Lisboa, 28 out 2025 (Lusa) – A ex-gestora bancária do empresário Carlos Santos Silva confirmou hoje em tribunal que este ordenou transferências para a esfera de José Sócrates, tendo chegado a reportar a compra de uma casa à mãe do antigo primeiro-ministro.
Na sessão de hoje do julgamento do processo Operação Marquês, a ex-gerente de conta de Carlos Santos Silva no Banco Espírito Santo (BES) testemunhou que, a certa altura, estranhou uma transferência de “centenas de milhares de euros” para um beneficiário que não conhecia, com “um descritivo/justificativo muito extenso”, que assinalava tratar-se do “sinal de compra e venda de um imóvel”.
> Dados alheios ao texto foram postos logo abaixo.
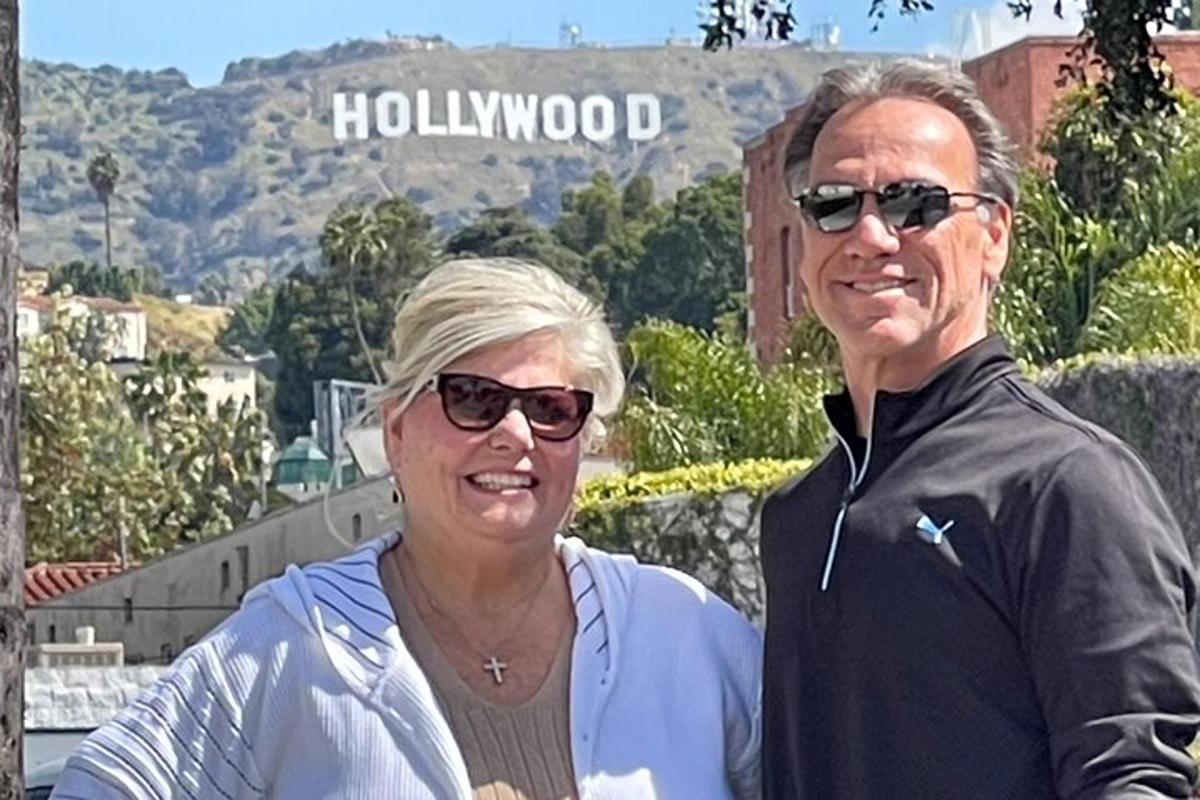 ein Mann und eine Frau stehen vor einem Hollywood-Schild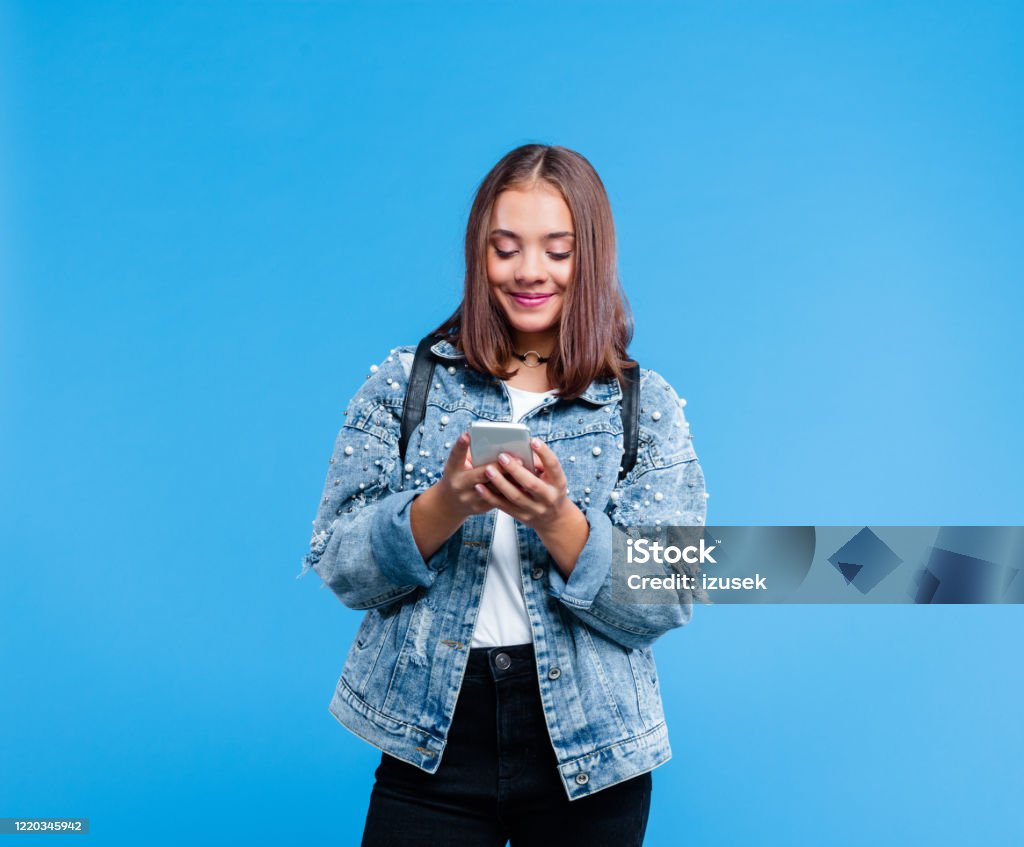 Portrait of female high school student using smart phone Happy teenage girl wearing oversized denim jacket, white t-shirt and black jeans standing against blue background. Portrait of smiling teenager texting on mobile phone. Teenager Stock Photo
“Eu não conhecia o beneficiário da transferência e fui ao Google, inseri o nome [Maria Adelaide Monteiro] e vi que era a mãe do engenheiro José Sócrates. E aí eu fui participar”, contou Ana Vaz, acrescentando que também a deixou alerta o facto de o empresário não ter comunicado previamente que o movimento financeiro iria ter lugar.
Na acusação do processo Operação Marquês, o Ministério Público defende que em causa está dinheiro que pertenceria na realidade a José Sócrates e que o negócio da casa, localizada em Lisboa, foi uma das formas encontradas para o chefe de Governo entre 2005 e 2011 ter acesso aos fundos, alegadamente com origem em corrupção.
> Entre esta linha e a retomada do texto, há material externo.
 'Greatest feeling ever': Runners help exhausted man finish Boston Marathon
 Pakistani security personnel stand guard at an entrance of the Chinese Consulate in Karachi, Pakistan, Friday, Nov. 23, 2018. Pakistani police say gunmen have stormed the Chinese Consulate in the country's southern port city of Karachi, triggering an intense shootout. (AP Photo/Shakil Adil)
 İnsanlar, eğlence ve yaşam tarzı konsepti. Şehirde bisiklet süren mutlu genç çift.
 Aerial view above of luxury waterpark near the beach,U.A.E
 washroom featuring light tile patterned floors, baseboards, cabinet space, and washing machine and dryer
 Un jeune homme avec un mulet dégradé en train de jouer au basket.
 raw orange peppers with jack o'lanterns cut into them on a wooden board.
No testemunho de hoje, Ana Vaz relatou também que Carlos Santos Silva disse que tinha uma amiga que queria comprar um monte no Alentejo, tendo o empresário garantido o financiamento de 850 mil euros “com o penhor financeiro de um depósito a prazo de igual montante”, com autorização para débito em caso de a compradora não ter capacidade para pagar o empréstimo.
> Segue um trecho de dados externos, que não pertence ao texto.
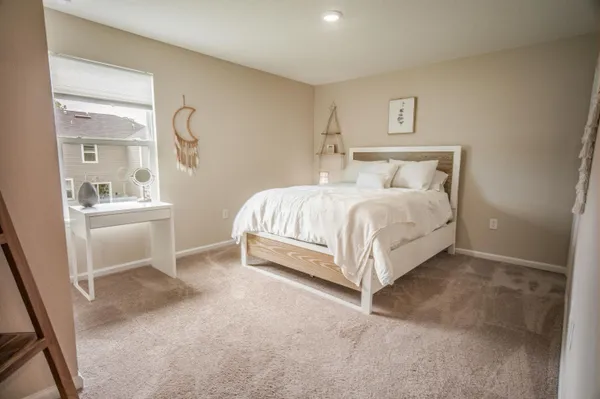 a bedroom with a bed and a window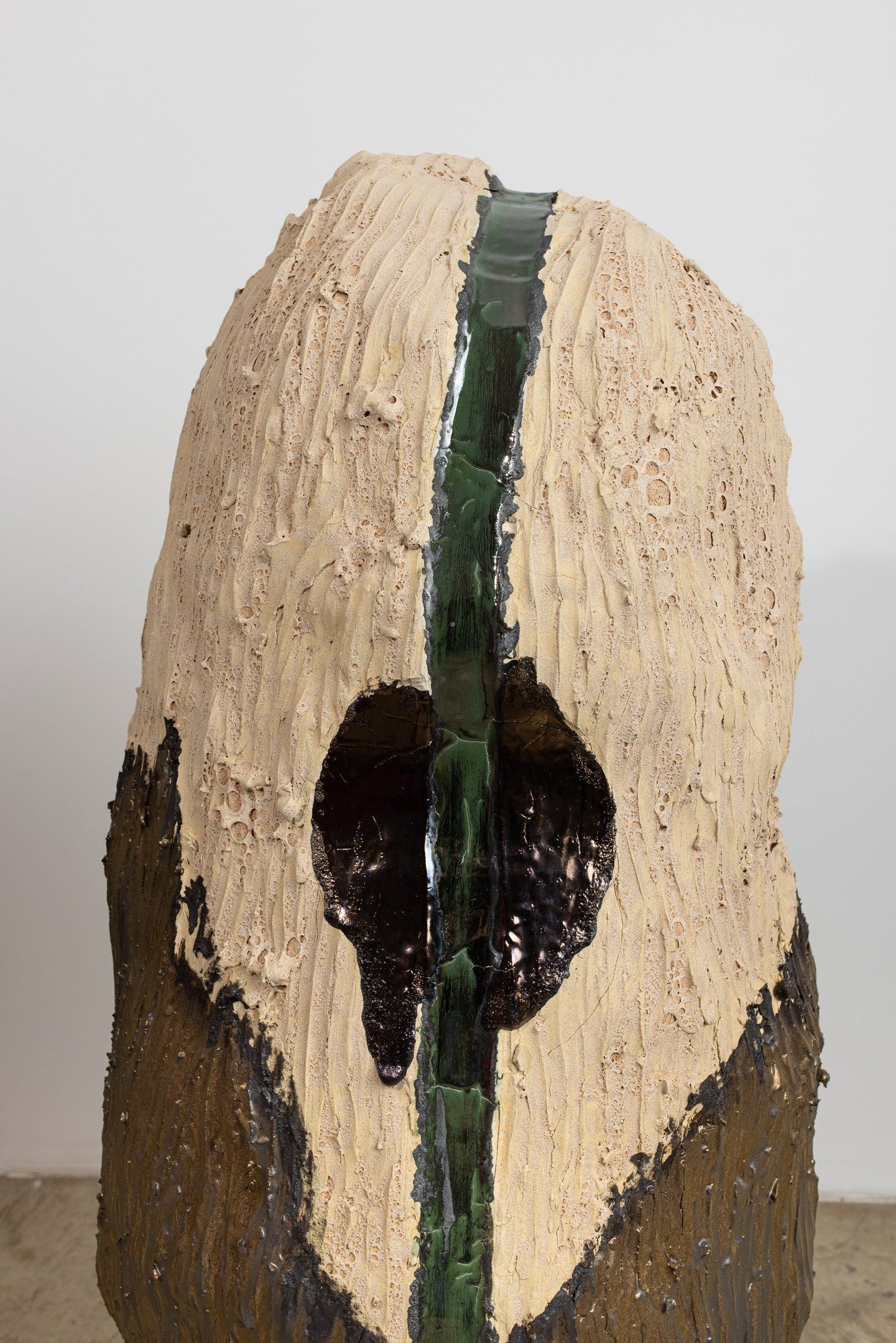 A ceramic sculpture with a green stripe on the side is sitting on a table.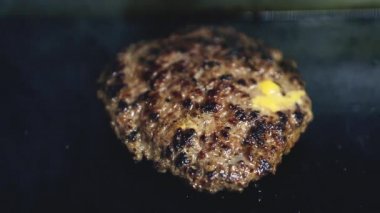 Burgre pirzolasının tavada kızartılışı ve erimiş mavi peynir. Amerikan fast food restoranında ızgarada pişen sağlıksız domuz eti köftesi. Akşam yemeği için fast food hazırlığı.  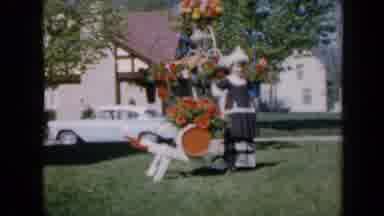 Iowa USA (1959): Girl In Tradition Dress Poses Next To An Object Decorated With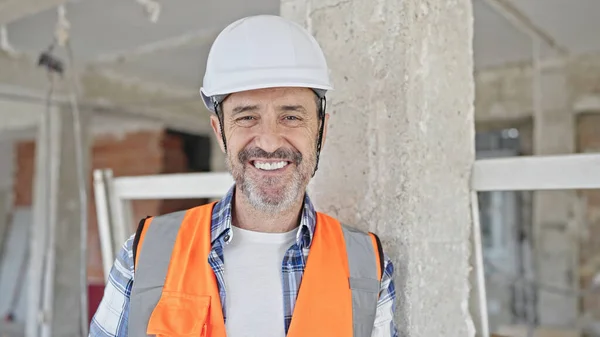 stock image Middle age man builder smiling confident standing at construction site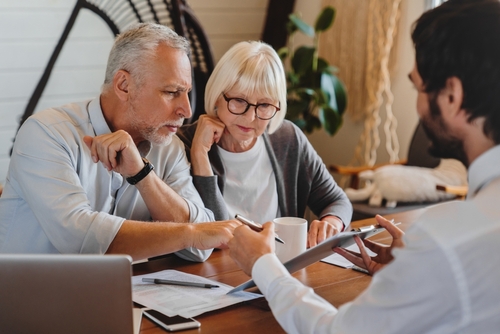 Older clients consulting with a professional about estate planning.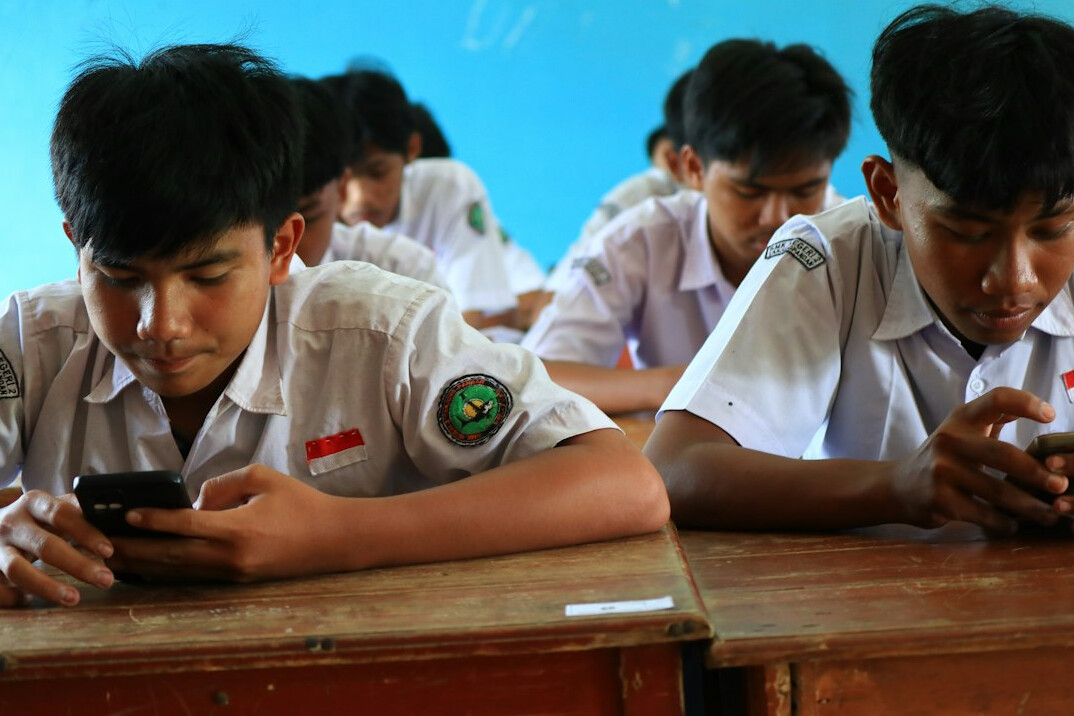 students learning coding in classroom
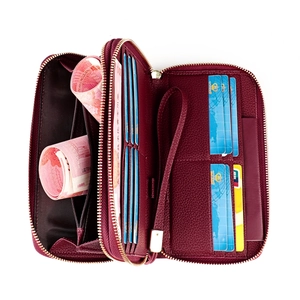 Detail view of burgundy RFID leather wallet with multiple card slots and zipper pocket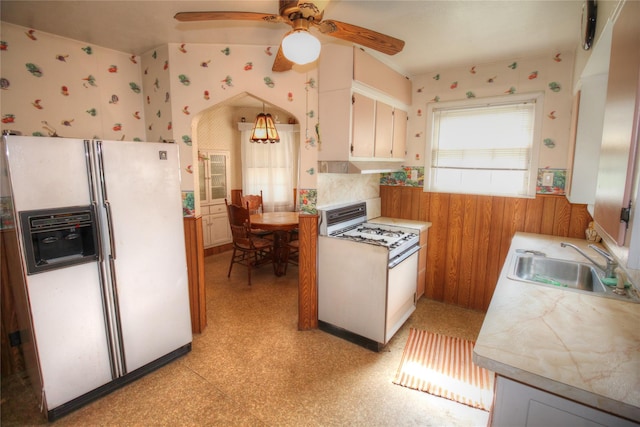 115-31 237th St, Elmont, NY 11003 - kitchen with wallpapered walls, white appliances, ceiling fan, a sink, and light countertops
“Na altura, [o nome da beneficiária] não me dizia nada, mas, mais uma vez, fui ao Google e soube que Sofia Fava tinha sido casada com o engenheiro José Sócrates”, afirmou.
Ana Vaz confirmou ainda a remessa de cerca de dois mil euros mensais para Sandra Santos, uma mulher residente na Suíça que seria próxima do antigo primeiro-ministro.
Num depoimento durante o qual o advogado de José Sócrates, Pedro Delille, ameaçou abandonar a sala por ter sido chamado à atenção pelo tribunal por uma pergunta que fez, a bancária adiantou ainda que reportou também à sua direção o facto de Carlos Santos Silva pedir para que fosse um funcionário do banco a levantar cheques.
A este propósito, Ana Vaz salientou que, “a partir de determinada altura”, apercebeu-se da existência de “levantamentos da ordem dos 10 mil euros de uma maneira muito recorrente”, tendo questionado o empresário sobre a justificação para tal acontecer e obtido “uma resposta vaga, que [os montantes] eram para despesas”.
Na acusação, o Ministério Público considera que estes levantamentos em numerário destinar-se-iam igualmente a pessoas da esfera de José Sócrates.
Os atos sob suspeita ocorreram entre 2012 e 2014.
O antigo primeiro-ministro e Carlos Santos Silva, ambos de 68 anos, são dois dos 21 arguidos na Operação Marquês, aos quais o Ministério Público imputa, no total, 117 crimes económico-financeiros.
Os arguidos têm todos, em geral, negado a prática de qualquer ilegalidade.
O julgamento decorre desde 03 de julho no Tribunal Central Criminal de Lisboa e tem sessões agendadas pelo menos até 18 de dezembro de 2025.